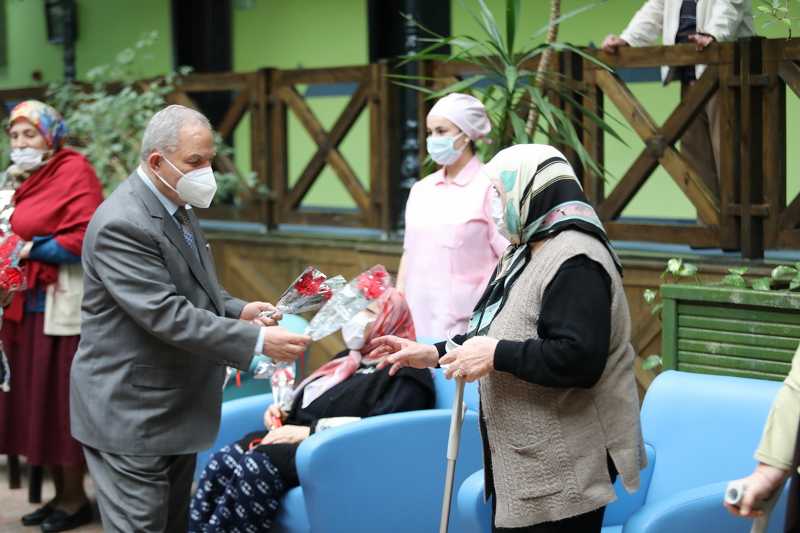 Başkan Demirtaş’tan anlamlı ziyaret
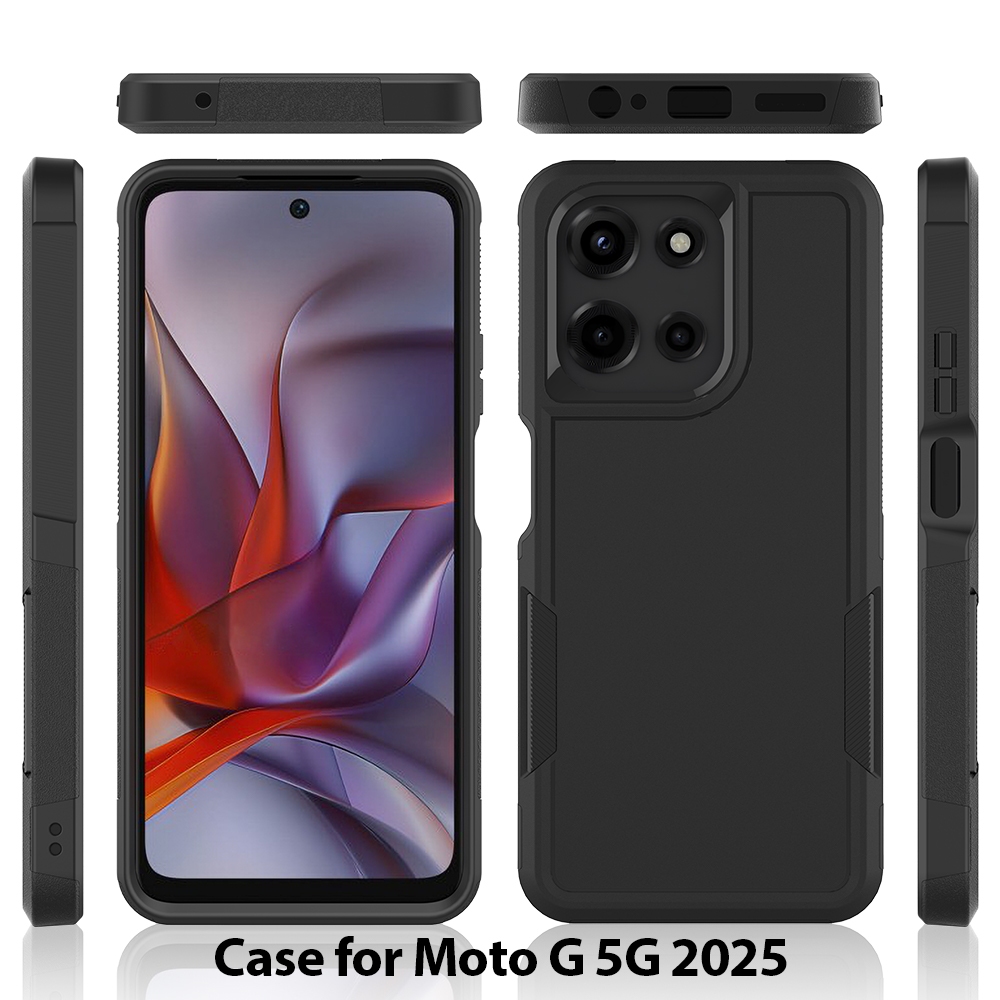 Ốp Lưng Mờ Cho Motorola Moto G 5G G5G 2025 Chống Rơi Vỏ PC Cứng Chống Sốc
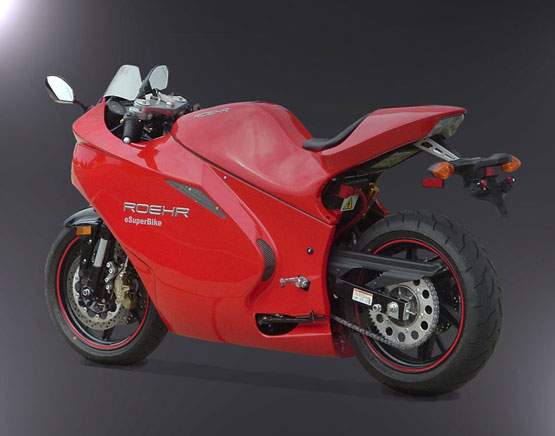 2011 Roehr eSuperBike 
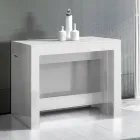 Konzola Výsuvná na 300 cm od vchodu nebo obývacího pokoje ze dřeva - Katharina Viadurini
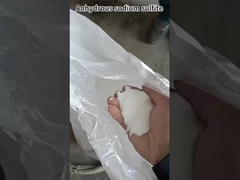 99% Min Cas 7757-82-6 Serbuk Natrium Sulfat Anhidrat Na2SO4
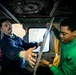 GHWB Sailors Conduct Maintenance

######

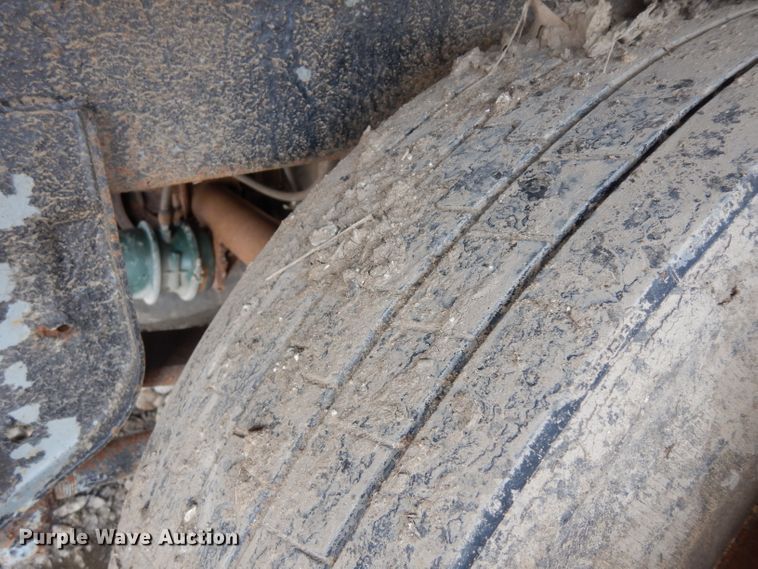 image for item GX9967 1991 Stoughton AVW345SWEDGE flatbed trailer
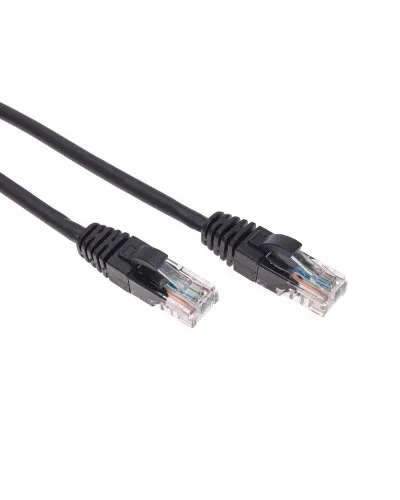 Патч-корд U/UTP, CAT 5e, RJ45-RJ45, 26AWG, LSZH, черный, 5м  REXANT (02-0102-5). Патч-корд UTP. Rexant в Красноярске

######

→ **Work request**
Reproduce the data above exactly, but only from the line containing "2011 Roehr eSuperBike" through the line containing "GHWB Sailors Conduct Maintenance"; skip the pictures.

→ **Result of this task**
 2011 Roehr eSuperBike 
 Konzola Výsuvná na 300 cm od vchodu nebo obývacího pokoje ze dřeva - Katharina Viadurini
 99% Min Cas 7757-82-6 Serbuk Natrium Sulfat Anhidrat Na2SO4
 GHWB Sailors Conduct Maintenance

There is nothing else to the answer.